### SUPPLIED INFORMATION
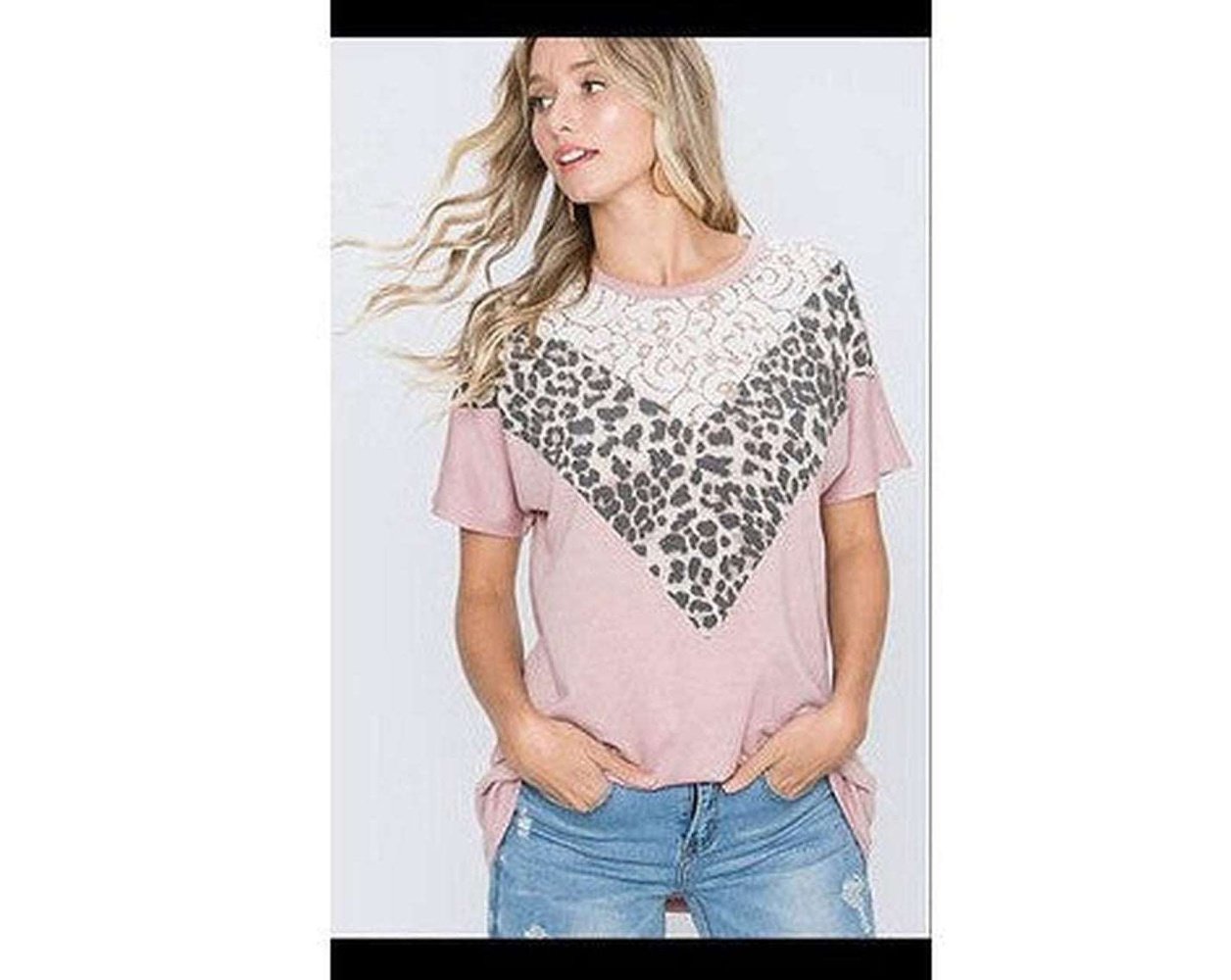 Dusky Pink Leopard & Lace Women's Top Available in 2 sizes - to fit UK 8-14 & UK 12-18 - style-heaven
######
### SUPPLIED INFORMATION
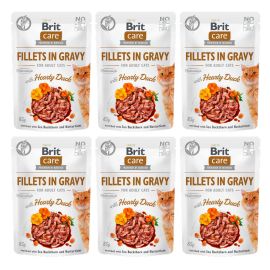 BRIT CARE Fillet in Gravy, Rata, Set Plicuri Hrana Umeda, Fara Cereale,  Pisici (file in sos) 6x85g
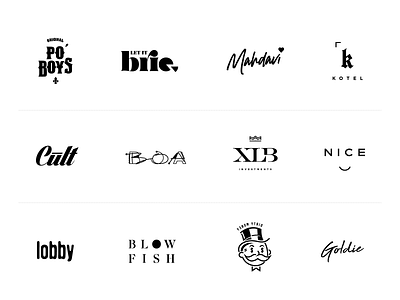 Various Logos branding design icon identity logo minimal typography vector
######
### SUPPLIED INFORMATION
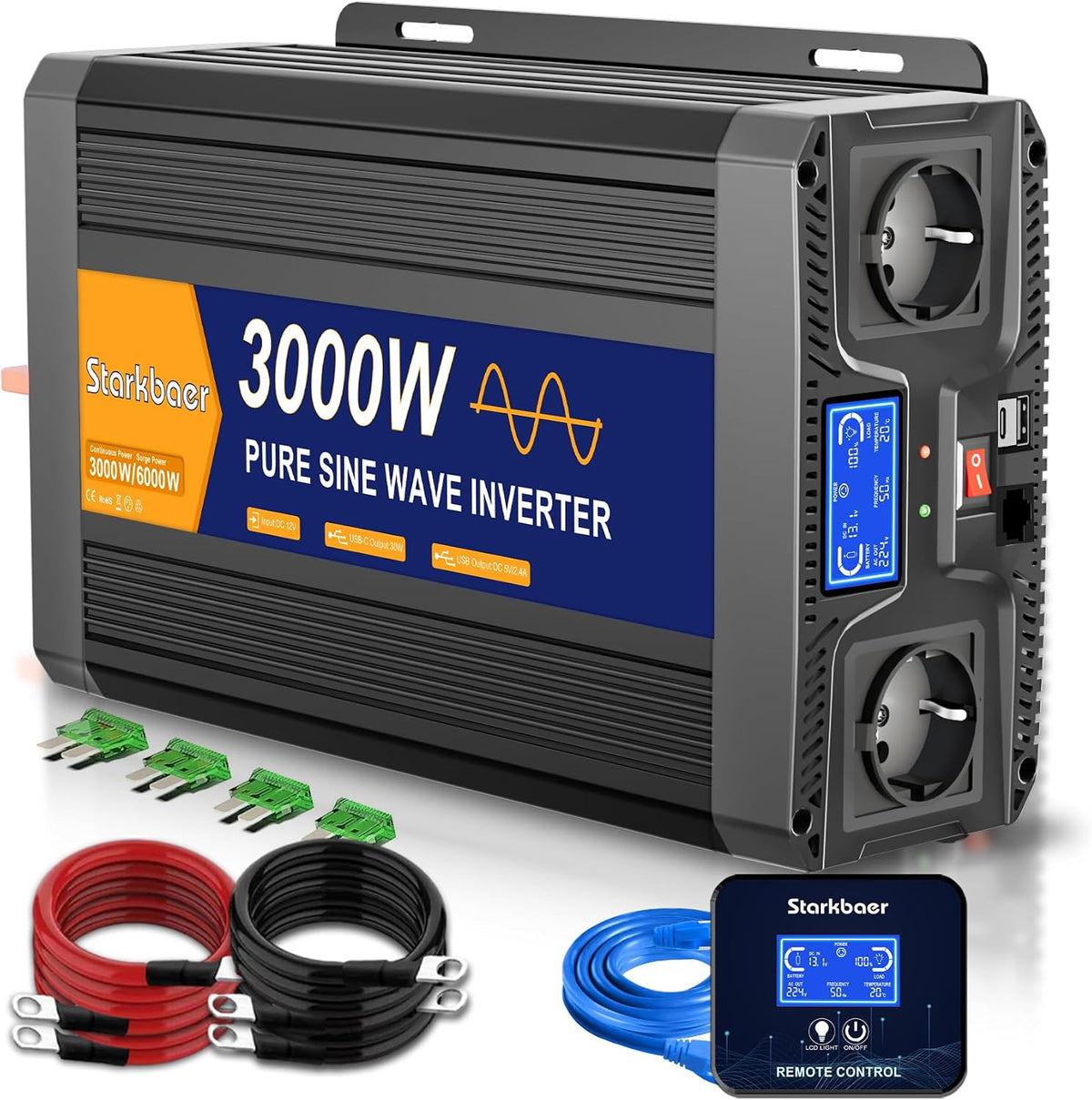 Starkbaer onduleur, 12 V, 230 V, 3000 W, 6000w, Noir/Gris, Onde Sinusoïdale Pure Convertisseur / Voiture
######
TASK GOAL: Begin at the line in the entries above that has "BRIT CARE Fillet", stop after the line that has "Various Logos branding", and output exactly those lines without pictures.

ANSWER SPACE:
 BRIT CARE Fillet in Gravy, Rata, Set Plicuri Hrana Umeda, Fara Cereale,  Pisici (file in sos) 6x85g
 Various Logos branding design icon identity logo minimal typography vector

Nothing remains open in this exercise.